𝕏TVDb — home

The project

One catalog. One ID per title. Built by a community.

𝕏TVDb is the public face of the 𝕏TV ecosystem — a cross-referenced catalog of movies and series where every title gets one permanent, linkable home. Not a mirror of some other database. Not a streaming site. A card index for an entire community's library, growing around the clock.

The story

It started with a mess

𝕏TV began the way most good things on Telegram begin: a few people sharing what they love. It worked — then it grew. Suddenly there were bots for movies, bots for series, channels per provider, bundles in three qualities, and the same film living under four different names in four different places. Finding something meant knowing where to look. New members didn't.

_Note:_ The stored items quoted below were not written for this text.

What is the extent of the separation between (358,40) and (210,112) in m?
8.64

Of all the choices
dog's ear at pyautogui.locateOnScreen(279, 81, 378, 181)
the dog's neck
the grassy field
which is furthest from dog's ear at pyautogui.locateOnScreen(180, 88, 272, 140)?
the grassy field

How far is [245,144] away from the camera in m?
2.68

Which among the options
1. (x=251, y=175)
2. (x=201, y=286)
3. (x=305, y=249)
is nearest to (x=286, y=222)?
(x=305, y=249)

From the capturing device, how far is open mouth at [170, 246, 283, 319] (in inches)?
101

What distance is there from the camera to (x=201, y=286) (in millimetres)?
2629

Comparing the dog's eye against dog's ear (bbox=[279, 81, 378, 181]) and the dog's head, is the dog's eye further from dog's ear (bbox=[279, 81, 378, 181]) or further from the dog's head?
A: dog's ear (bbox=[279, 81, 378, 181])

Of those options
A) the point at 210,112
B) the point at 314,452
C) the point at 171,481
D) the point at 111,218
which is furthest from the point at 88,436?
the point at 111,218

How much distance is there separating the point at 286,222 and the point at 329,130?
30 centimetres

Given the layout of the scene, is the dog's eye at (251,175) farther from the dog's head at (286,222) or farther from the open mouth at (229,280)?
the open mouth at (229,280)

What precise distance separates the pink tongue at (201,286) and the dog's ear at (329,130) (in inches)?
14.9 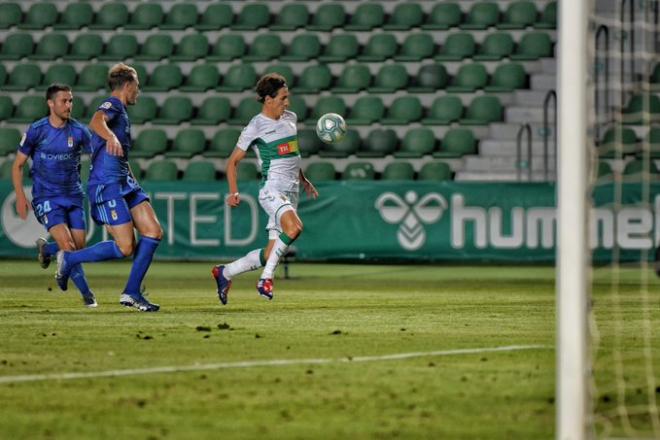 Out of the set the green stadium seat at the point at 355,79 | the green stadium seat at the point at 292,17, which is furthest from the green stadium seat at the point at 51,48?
the green stadium seat at the point at 355,79

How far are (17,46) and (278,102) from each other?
42.4 feet

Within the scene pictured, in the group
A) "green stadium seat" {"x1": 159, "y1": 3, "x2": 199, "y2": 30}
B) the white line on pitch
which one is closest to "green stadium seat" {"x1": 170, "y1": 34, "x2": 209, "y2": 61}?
"green stadium seat" {"x1": 159, "y1": 3, "x2": 199, "y2": 30}

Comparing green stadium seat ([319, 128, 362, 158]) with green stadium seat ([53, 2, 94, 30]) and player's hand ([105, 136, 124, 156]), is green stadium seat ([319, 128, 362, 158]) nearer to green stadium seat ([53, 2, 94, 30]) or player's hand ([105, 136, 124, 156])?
green stadium seat ([53, 2, 94, 30])

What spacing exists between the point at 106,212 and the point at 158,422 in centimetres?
574

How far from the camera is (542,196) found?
58.8ft

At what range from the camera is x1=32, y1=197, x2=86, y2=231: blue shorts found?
1220 cm

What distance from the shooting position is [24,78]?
23.5m

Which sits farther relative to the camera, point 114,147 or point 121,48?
point 121,48

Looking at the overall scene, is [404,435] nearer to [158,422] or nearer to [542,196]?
[158,422]

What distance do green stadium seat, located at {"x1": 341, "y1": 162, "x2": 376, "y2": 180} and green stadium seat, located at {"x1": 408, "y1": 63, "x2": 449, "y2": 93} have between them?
2031mm

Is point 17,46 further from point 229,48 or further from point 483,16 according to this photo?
point 483,16

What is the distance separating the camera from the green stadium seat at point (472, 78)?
865 inches

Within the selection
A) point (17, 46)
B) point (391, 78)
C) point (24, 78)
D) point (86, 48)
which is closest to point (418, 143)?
point (391, 78)

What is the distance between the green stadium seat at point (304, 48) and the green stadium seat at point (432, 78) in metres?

The fix wasn't another channel. It was an idea borrowed from the great libraries: give every title exactly one card, one number, one place where everything about it comes together — no matter how many copies, qualities or seasons exist behind it. That card index became 𝕏TVDb.

The backbone

The 𝕏TV ID

Every title in the catalog carries a permanent 𝕏TV ID — X1042TV for a movie, XS1043TV for a series. IDs are issued once and never reused: assignments run through an atomic counter with a full audit trail, and when a catalogued title later gets real content, it keeps the ID it already had. A link to a title page today is a link to that title forever.

Around its ID, each entry cross-references the identifiers other major databases use for the same work — so one 𝕏TVDb page can stand in for all of them, and machines can resolve any external ID straight to ours through the public lookup API.

Around the clock

A catalog that never sleeps

𝕏TVDb is metadata-first by design. Background workers walk the world's popular, top-rated and trending titles day and night, cataloguing them with artwork, cast, keywords and cross-references — long before the community uploads anything. That's intentional: you can find, rate, save and track a title that isn't in the library yet, and the moment it arrives, everyone who saved it gets told.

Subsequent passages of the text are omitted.